Note: "Net Carb" in this blog entry refers to grams carbohydrates minus fiber.
Low-carb has been moderately successful for me in terms of weight-loss, but not so much in quality of life.
I am walking a thin line between low-carb and high-performance: As you probably know, I really enjoy strength training. I also have recently started running again. However, due to this low-carb diet, I am having issues with energy, fatigue, and endurance during workouts.
I suspect that the endurance failings at least are due to the low-carb diet: my glycogen stores are not properly replenishing and it leads me to hit "the wall" much earlier during my interval training than I am used to.
I read this article saying that your brain requires 100-150g carb per day just to function.. I have only been eating 160-200g net carb per day... no wonder I can't concentrate and feel fatigued! After my brain is done with those carbs, there are barely any left to fuel my muscles. (And yeah, I know, Atkins people will swear that it can run on protein and fat, but I do not, nor have I ever been able to endorse the Atkins diet.. it is not for me).
I am at a point where I am unsure which is better for my metabolism: eating low-carb or partaking in high-performance exercise and strength training. On the one hand, I have blood sugar issues, and it seems that a low-carb diet is the conventional doctors' wisdom until my metabolism is "fixed."
On the other hand, strength training and running are also helping to "fix" my metabolism and insulin sensitivity, but I cannot do them very efficiently if I don't properly fuel my body. Also, the fatigue and exhaustion affect every aspect of my life, including school.
So I will attempt to strike a balance between the two:
-Eat high-carb post-workout meal (dinner): this will help replenish my glycogen with high-quality carbs from plant sources (potatoes, squash, fruits, legumes, and some whole grains).
-Eat moderate carb during all other meals (not the 50-60% of calories that Spark recommends, but higher than the 30-39% I have been eating, perhaps 40-50%,depending on my activity that week. If anyone remembers, I tried this "moderate carb" diet before, and it seemed to work in October when I lost a significant amount of weight and had the energy to go to the gym more often.
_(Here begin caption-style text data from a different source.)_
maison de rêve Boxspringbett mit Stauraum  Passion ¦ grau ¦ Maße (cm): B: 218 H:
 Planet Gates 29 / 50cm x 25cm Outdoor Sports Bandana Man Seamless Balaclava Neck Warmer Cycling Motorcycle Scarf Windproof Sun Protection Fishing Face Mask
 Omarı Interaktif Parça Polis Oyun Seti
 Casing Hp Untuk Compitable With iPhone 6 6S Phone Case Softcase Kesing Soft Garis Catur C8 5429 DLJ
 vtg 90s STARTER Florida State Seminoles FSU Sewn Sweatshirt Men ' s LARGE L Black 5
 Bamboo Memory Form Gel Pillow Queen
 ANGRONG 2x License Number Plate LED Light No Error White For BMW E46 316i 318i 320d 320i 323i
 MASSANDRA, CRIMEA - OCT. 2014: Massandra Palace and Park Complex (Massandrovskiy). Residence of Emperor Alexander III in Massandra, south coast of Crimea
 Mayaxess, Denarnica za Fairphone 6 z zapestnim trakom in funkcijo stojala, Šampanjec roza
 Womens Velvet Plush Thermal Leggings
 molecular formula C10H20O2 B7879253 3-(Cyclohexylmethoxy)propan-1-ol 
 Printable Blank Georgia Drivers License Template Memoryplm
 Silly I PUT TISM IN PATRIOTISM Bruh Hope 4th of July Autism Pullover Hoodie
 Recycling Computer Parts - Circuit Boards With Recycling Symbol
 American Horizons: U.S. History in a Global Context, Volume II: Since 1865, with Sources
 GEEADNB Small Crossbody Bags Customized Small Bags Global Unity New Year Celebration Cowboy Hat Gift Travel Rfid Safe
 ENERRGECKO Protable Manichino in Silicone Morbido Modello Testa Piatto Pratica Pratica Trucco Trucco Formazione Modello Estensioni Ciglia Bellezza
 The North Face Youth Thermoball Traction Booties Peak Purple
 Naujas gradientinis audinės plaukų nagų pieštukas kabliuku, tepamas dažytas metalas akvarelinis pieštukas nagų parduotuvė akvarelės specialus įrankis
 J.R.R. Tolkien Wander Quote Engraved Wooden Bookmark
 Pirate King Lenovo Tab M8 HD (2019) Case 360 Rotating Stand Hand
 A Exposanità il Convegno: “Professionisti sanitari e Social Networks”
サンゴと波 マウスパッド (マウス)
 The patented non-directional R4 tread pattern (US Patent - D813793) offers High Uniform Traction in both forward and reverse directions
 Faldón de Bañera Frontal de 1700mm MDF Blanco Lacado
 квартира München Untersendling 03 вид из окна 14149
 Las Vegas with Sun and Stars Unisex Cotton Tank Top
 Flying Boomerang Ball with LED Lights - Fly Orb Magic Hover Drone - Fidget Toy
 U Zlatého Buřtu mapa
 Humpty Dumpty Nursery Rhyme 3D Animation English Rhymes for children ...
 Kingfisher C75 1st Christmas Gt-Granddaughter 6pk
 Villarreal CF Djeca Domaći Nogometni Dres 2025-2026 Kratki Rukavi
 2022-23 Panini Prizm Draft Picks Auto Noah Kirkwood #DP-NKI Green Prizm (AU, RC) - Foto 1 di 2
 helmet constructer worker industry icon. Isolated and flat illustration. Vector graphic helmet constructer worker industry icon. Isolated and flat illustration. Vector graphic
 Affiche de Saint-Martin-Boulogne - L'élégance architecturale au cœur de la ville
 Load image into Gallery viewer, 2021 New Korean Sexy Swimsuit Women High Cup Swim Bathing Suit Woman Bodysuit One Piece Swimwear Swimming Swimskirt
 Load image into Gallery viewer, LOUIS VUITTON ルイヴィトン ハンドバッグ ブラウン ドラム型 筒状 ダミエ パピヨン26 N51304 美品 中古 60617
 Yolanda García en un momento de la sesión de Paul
One thing that I failed to take into account previously is WHEN I eat my carbs. I feel it is important to eat the most carbs during my breakfast and dinner meals for various reasons:
-First, I use my Byetta ( a medication that helps me process carbs more efficiently) before breakfast and dinner, so these are the meals during which I am most likely to process carbs effectively as opposed to dysfunctionally.
-Second, if I don't eat carbs in the morning, I get cranky, headachy, and fatigued -- and this just does not mix well with walking around on campus or trying to concentrate on my lectures. Breakfast needs to be substantial, larger than lunch, and it needs to contain carbs!
Sample Carb Load:
Dinner:75-150g (higher if I had an intense workout, lower if I did not)
Total: 225-300g net carb per day (depending on my activity level). I feel like this increase will help my glycogen stores to stabilize and my energy levels to increase. FINGERS CROSSED that my workout performance will also benefit.
Summary: This is all just so complicated. I am sure that a low-carb diet works for many people, especially those on low-moderate intensity exercise regimes. However, in my case I do not want to give up intense workouts, and I need to properly fuel my body for them. Thus, I believe that this hybrid approach--which takes into account not only amount consumed but also TIMING and QUALITY of carbohydrates--will lead to great success.
We shall see!!!!
The next 2 weeks will tell.
I will call this experiment the "moderate-carb temporal test run!"